Meu refúgio é - e sempre foi - pensar estética, vaidade, rituais de beleza, não como uma forma de legitimar a superficialidade, mas como um ato de ocupação desse corpo que eu habito. Corpo preto, retinto, de cabelos crespos que eu cuido com o maior carinho e amor.
Falando de cabelos, nessa semana um cabeleireiro conhecido por cuidar de cabelos de muitas celebridades negras crespas e cacheadas disse: "Patrão comeu aqui e gerou isso" para definir a textura do cabelo crespo de uma modelo negra, reproduzindo um racismo que dessa vez foi filmado.
O pedido de desculpas veio, como sempre, em close dos olhos marejados pela culpa e, entre outras coisas, esse cabeleireiro afirmou com orgulho "entender de crespos, entender de cachos". Isso nitidamente não basta. É preciso entender do existir enquanto mulher negra. Entender o que é SER crespa, SER cacheada. Entender que essa beleza cheia de orgulho que hoje nós ostentamos não veio de graça, ela foi guerreada e segue passando por cima de comentários iguais e piores do que esse.

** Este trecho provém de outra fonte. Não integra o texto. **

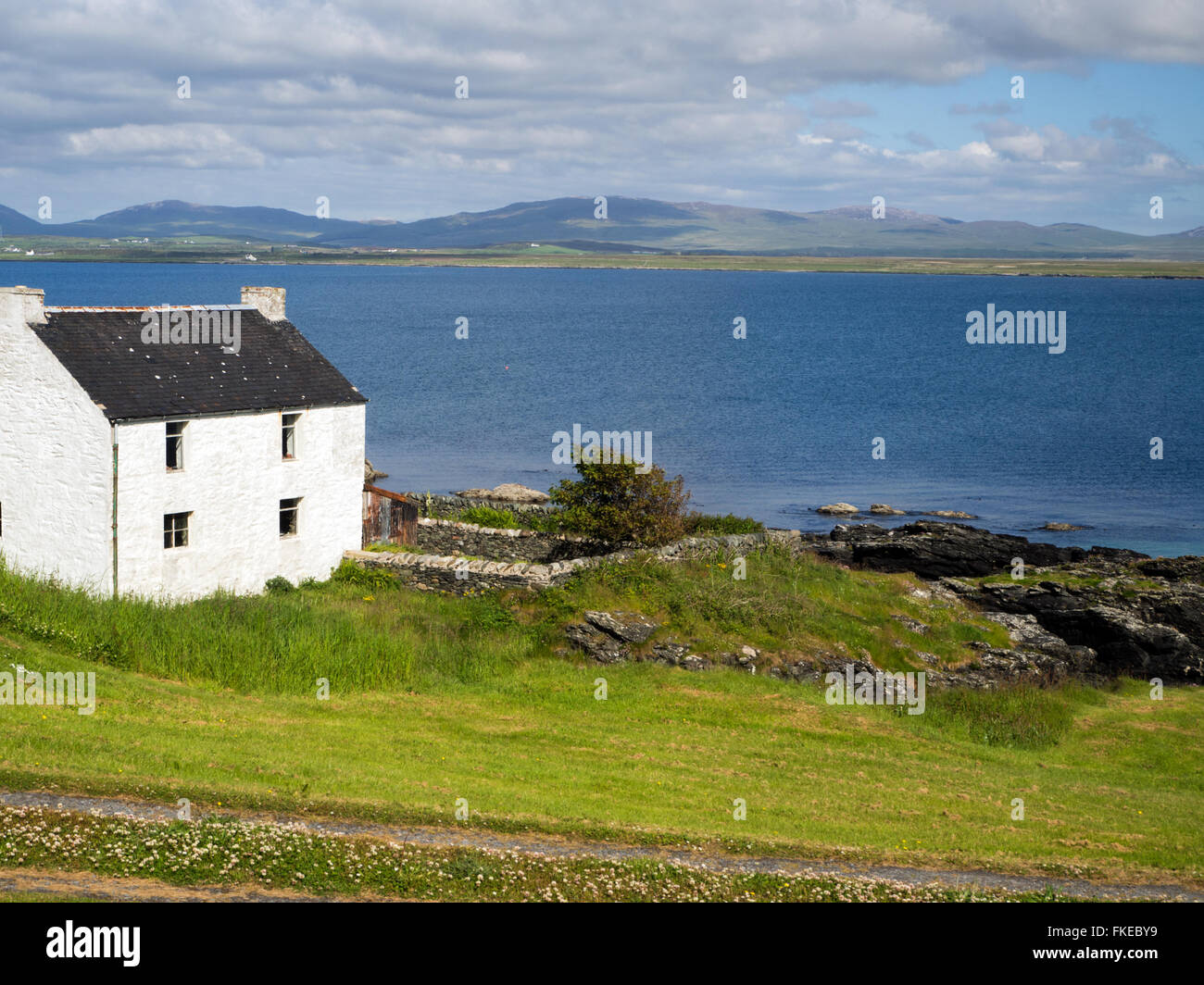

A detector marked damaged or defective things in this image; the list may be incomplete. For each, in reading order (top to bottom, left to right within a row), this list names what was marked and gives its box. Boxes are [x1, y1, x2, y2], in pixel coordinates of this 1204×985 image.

broken window [167, 420, 187, 474]
broken window [282, 415, 300, 461]
broken window [164, 511, 190, 552]
broken window [280, 500, 300, 537]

E eu tô aqui para falar de beleza e cuidado com esses cabelos por um viés afetivo e ancestral. Eu lembro a primeira vez em que estive num salão afro. Eu tinha uns 15 anos quando fui ao Primo's Black Power na Galeria da 24 de Maio, aqui em São Paulo, e foi ali que eu entendi que muito mais do que um espaço de estética, os salões afro funcionam como um lugar de troca, acolhimento e reconhecimento da própria beleza —uma vez que é possível nos enxergar em nossos iguais que ali frequentam também.
Em tempos sombrios e desafiadores como estes que estamos vivendo, eu te convido a transformar momentos de beleza num lugar político de afirmação e orgulho.
Seguem 3 técnicas simples e eficientes de cuidado de tratamento de cabelos crespos que são ancestrais e eu amo:
Fitagem
A famosa finalização onde se divide o cabelo em fitas com os dedos ou com pentes para maior definição do crespo e cachos. O povo Afar, do nordeste da Etiópia, usa varas de bambu para fazer a técnica e passam gordura de vaca e manteiga para texturizar e proteger.
Umectação
Tratamento queridinho para crespas é muito eficiente também em cabelos que passaram por qualquer procedimento químico. Hoje usamos óleos vegetais ou azeite extra virgem para esse processo, mas no antigo Egito era utilizado óleo vegetal e gordura animal em partes iguais para esse cuidado. Em Gana, o uso da manteiga de Karitê nos cabelos para essa prática (e no corpo) é bastante antiga e tradicional.
Finalização com óleo-gel
Para penteados e finalização com mais volume, vale essa dica que veio da minha mãe, que observava minhas avós e tias fazerem: no interior de São Paulo elas finalizavam o cabelo com banha de porco aquecida e babosa numa proporção de 4 para um. O cabelo fica extremamente macio e brilhante.